Nasza Loteria SR - pasek na kartach artykułów

Chemik dziś może zostać mistrzem Orlen Ligi! Chemik Police ma szanse powrócić do sukcesów

Rafał Kuliga
Już dziś Chemik może wygrać Orlen Ligę. Atakuje Ana Bjelica.
Już dziś Chemik może wygrać Orlen Ligę. Atakuje Ana Bjelica.
Po prawie dwudziestu latach przerwy Chemik Police ma szanse powrócić do sukcesów z lat dziewięćdziesiątych i zwyciężyć walkę o mistrzostwo Polski. Początek czwartkowego meczu o godzinie 18.

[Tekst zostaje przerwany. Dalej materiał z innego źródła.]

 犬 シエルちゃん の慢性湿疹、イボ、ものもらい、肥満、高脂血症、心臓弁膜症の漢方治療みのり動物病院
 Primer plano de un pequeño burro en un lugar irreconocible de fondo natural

Jeśli ktoś chciałby przypomnieć sobie ostatnie złoto w Policach, to musiałby cofnąć się blisko 20 lat. W 1995 roku Chemik stanął na najwyższym stopniu podium. Rok później zdobył brąz, a potem skończyła się walka w ekstraklasie, duże pieniądze i splendor. Police spadły do niższych klas rozgrywkowych, a aspiracje mistrzowskie powróciły dopiero w tym sezonie. Najbogatszy beniaminek w historii Orlen Ligi wszedł do rozgrywek z przytupem i podobny poziom prezentował w większości spotkań, włącznie z tymi finałowymi.

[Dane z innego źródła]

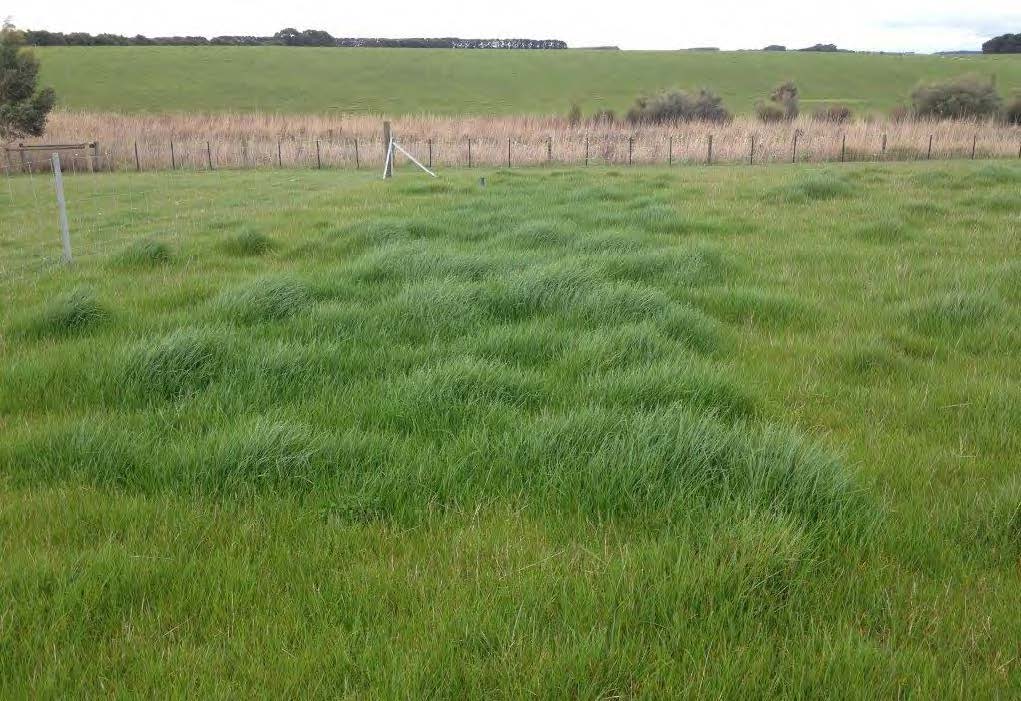 Visual indicators of soil condition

Handicap z Polic, kibice z Wrocławia

W spotkaniach finałowych Chemik wypracował sobie znakomitą sytuację. Podopieczne Giuseppe Cuccarniego wykorzystały atut własnego boiska i w rywalizacji do trzech zwycięstw prowadzą już 2:0. Teraz pojedynek przenosi się do Wrocławia i jeszcze większym atutem gospodyń mają być ich hala, kibice, głośny doping.
Obiekt w Policach ma pojemność zaledwie 1200 miejsc. W trakcie meczów finałowych oczywiście wszystkie bilety zostały sprzedane i na trybunach był komplet. Choć doping był gorący, to ze względu na ograniczenia techniczne nie tak imponujący, jak może być we Wrocławiu. Hala "Orbita" jest w stanie pomieścić 3000 fanów, czyli prawie trzy razy więcej, niż ta w Policach. Kibice Impelu, na łamach portali społecznościowych ogłaszają, że są gotowi, zwarci i będą głośno wspomagać swój zespół. Trudno przewidzieć, czy hala wypełni się do ostatniego miejsca, jednak kibiców będzie na pewno więcej, niż w pierwszych dwóch meczach finału.

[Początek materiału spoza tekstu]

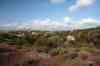 201104190790m.jpg - 2011:04:19 17:47:06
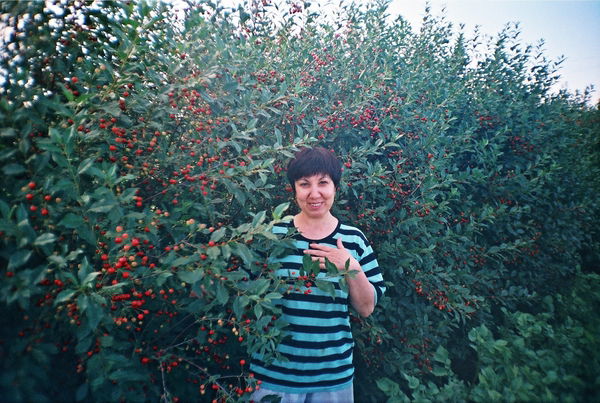 Надежда Юнгова-Хусаинова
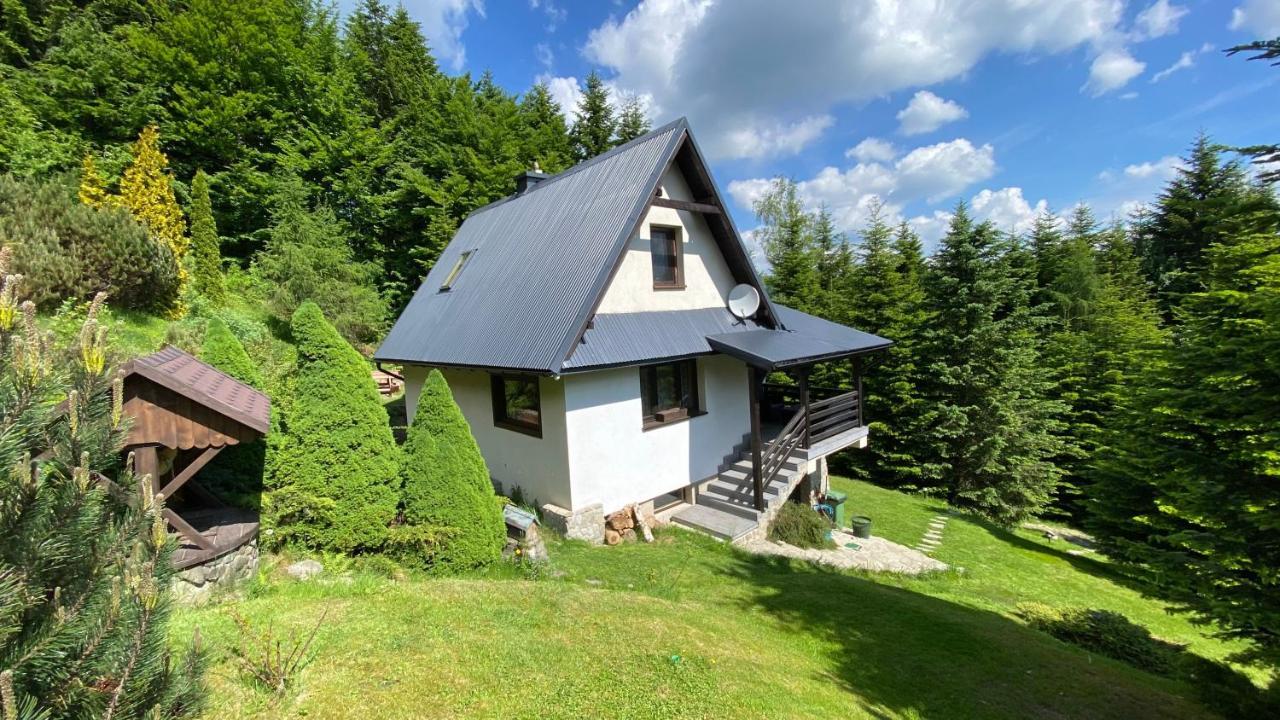 Mountain Lubomierz Chalet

Zatroszczy się o to Aleksandra Krzos. Libero Chemika wychowywała się we Wrocławiu, stawiała tam pierwsze siatkarskie kroki. Spotkanie wyjazdowe jest dla niej bardzo sentymentalne, a na meczu pojawi się sporo osób z rodziny i kilkoro znajomych.

- Na pewno będzie mój chłopak, mama, siostra, wujkowie, przyjaciele rodziny. Pojawi się rodzina mojego chłopaka. Przyjdą moi znajomi, z którymi dawno się nie widziałam, bo ja na co dzień jestem tutaj, a oni we Wrocławiu - mówi Krzos.

Patrząc z perspektywy całego sezonu Wrocław zajmuje trzecie miejcie pod względem liczebności kibiców na trybunach. W trakcie wszystkich spotkań rozeszło się 25050 biletów, a średnio każdy mecz obserwowany jest przez 1927 fanów. Dla porównania w Policach sprzedano 16004 wejściówek, a średnio na każdym spotkaniu pojawia się 1066 osób. Co ciekawe, najlepiej w rankingu wypada Łódź. Mecze tamtejszych Budowlanych śledzi średnio 2391 kibiców.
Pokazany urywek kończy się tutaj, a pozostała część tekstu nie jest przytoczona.